6/ Comme dire cette fascination pour le lichen... Pour ce que personne ne regarde vraiment, qui vit çà et là, qui survit depuis des millénaires, absolument partout sous ses formes diverses. Pour la texture du mot que les poètes ont cherché à faire rimer avec kraken, renne, haleine, et pourquoi pas peine. Pour cet imaginaire dont il est porteur lorsque, étalé sur une pierre, sa calligraphie me convie à la rêverie.

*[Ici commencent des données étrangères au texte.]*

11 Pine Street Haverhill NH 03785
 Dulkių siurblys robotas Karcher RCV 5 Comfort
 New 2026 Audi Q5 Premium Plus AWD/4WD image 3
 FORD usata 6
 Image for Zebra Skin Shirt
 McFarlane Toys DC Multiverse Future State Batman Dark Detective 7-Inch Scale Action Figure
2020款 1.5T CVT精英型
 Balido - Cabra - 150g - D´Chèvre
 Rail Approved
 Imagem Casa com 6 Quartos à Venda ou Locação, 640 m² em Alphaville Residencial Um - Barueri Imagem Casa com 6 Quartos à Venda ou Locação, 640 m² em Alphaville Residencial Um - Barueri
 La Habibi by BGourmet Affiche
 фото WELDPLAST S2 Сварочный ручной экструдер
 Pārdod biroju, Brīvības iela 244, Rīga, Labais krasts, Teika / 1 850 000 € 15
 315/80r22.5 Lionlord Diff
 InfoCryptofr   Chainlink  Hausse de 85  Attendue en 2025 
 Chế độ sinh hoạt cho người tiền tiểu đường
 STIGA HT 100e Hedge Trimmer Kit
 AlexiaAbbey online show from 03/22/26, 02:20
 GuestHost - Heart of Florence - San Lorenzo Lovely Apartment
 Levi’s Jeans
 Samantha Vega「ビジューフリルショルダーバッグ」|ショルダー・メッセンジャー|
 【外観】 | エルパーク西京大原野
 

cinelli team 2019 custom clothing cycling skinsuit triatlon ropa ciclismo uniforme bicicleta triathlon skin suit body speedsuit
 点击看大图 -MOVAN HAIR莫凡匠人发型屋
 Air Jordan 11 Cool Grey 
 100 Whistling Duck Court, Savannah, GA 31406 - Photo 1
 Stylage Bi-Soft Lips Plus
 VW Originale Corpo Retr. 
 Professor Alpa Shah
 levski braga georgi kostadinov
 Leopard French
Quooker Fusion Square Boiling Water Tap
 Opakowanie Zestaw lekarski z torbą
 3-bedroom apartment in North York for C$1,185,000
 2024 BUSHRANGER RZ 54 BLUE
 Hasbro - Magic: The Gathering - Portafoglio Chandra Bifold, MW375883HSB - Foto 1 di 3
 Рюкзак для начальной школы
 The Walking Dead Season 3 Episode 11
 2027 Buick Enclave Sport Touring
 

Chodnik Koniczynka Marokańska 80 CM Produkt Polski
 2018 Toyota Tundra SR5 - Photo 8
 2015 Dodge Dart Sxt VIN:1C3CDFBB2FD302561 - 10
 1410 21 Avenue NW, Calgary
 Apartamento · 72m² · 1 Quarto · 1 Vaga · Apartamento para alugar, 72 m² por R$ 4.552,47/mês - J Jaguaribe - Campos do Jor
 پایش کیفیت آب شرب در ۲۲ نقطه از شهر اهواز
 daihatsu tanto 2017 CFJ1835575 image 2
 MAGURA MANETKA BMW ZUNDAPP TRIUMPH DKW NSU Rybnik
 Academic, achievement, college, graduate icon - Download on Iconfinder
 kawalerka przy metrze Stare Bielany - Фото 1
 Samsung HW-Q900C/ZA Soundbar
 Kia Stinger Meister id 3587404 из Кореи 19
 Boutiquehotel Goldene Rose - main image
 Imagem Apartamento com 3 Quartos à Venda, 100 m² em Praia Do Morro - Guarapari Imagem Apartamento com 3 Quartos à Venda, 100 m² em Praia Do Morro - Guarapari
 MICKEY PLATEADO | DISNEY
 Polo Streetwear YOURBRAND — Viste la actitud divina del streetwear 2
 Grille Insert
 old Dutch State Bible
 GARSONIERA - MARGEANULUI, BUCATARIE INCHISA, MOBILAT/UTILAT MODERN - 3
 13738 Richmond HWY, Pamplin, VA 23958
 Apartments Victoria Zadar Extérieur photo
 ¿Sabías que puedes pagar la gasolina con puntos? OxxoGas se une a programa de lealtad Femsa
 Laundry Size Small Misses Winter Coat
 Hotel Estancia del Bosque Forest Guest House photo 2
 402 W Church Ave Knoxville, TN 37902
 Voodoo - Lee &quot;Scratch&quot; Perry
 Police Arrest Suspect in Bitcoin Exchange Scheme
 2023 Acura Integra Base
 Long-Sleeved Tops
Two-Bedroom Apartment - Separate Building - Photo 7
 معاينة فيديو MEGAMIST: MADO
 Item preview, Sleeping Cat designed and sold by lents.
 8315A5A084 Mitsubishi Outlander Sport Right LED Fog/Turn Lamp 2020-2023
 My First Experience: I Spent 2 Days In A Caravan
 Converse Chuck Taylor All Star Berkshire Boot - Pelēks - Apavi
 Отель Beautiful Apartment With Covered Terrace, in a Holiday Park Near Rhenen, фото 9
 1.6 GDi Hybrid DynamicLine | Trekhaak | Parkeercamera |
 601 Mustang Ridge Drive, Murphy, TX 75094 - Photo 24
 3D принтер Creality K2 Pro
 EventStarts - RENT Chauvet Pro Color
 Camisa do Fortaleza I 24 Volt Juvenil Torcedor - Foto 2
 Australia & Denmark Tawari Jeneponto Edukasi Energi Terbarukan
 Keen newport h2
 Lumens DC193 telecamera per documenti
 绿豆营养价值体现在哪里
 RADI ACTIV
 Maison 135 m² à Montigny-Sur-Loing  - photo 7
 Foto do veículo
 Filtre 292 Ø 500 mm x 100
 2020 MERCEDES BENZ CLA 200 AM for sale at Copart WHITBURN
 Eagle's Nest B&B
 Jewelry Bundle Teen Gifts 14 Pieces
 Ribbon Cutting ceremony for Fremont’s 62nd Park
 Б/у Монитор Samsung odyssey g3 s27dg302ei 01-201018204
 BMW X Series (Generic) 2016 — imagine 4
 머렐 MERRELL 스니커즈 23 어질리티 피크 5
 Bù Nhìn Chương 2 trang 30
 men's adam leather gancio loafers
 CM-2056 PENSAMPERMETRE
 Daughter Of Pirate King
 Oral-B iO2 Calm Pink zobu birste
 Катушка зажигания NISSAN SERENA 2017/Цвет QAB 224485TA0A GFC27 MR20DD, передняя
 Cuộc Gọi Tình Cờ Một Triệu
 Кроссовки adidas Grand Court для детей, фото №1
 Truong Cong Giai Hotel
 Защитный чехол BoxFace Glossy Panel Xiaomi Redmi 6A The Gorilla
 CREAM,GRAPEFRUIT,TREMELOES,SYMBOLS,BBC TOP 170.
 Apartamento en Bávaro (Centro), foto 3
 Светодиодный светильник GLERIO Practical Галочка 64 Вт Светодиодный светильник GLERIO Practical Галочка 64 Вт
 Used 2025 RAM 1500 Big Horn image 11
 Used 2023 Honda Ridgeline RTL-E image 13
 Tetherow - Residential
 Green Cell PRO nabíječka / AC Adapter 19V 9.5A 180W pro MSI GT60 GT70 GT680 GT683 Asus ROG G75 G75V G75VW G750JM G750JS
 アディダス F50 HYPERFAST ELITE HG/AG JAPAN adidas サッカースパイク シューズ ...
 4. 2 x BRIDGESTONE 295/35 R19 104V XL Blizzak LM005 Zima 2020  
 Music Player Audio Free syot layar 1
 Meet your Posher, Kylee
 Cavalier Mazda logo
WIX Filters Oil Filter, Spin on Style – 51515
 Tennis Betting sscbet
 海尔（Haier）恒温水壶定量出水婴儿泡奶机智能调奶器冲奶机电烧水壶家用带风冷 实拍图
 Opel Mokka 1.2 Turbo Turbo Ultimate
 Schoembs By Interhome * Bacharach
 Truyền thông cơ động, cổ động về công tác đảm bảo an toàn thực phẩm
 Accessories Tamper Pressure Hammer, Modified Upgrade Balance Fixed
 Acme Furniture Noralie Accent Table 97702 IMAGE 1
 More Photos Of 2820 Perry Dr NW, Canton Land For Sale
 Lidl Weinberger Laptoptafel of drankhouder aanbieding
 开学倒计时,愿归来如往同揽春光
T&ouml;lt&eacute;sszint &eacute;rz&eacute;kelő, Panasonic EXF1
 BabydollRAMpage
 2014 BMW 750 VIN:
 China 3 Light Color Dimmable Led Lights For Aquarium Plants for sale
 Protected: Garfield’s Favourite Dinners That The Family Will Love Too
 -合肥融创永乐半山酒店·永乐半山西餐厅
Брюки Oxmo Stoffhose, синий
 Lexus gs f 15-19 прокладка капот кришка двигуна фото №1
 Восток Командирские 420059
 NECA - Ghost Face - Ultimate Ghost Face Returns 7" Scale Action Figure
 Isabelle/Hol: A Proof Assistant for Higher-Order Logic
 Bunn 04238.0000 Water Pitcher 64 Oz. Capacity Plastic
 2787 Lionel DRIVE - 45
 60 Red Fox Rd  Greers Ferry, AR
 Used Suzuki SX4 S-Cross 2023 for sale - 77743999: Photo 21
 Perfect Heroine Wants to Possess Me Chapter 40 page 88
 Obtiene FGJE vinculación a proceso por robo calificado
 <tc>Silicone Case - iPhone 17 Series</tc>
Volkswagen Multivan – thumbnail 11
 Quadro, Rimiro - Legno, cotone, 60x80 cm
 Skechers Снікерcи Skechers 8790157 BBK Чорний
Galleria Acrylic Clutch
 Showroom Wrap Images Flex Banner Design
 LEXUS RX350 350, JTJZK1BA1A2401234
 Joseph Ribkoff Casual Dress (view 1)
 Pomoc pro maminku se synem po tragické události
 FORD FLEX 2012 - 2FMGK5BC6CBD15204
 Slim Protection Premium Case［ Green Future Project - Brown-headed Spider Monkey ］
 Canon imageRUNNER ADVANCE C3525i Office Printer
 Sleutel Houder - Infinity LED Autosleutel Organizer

7/ Se confronter au rien. On le sait depuis l'enfance, avec l'inscription gravée au-dessus d'une porte dans la maison de vacances, que tout n'est rien. Et si on inversait la sentence et que l'on se mettait à murmurer que ce qu'on croit n'être rien, finalement est tout. Voilà ce qui importe pour ce jour: le vol d'une hirondelle, une branche bercée par le vent, des coquelicots sur un talus... Rien... c'est tout.



1 commentaire:

Ange-gabrielle a dit…

Semaine de vacances riche d'images glanées dans l'horizon immédiat : renard, hirondelles, lichens, brumes, pluie ...cette errance du regard et de l'esprit ne fait pas de bruit, a le son du silence, nous fait percevoir le bruissement du monde fait d'immenses riens et nous conduit bien loin du brouhaha et de la cacophonie habituelle. Merci pour ces mini- vacances que tu nous offres.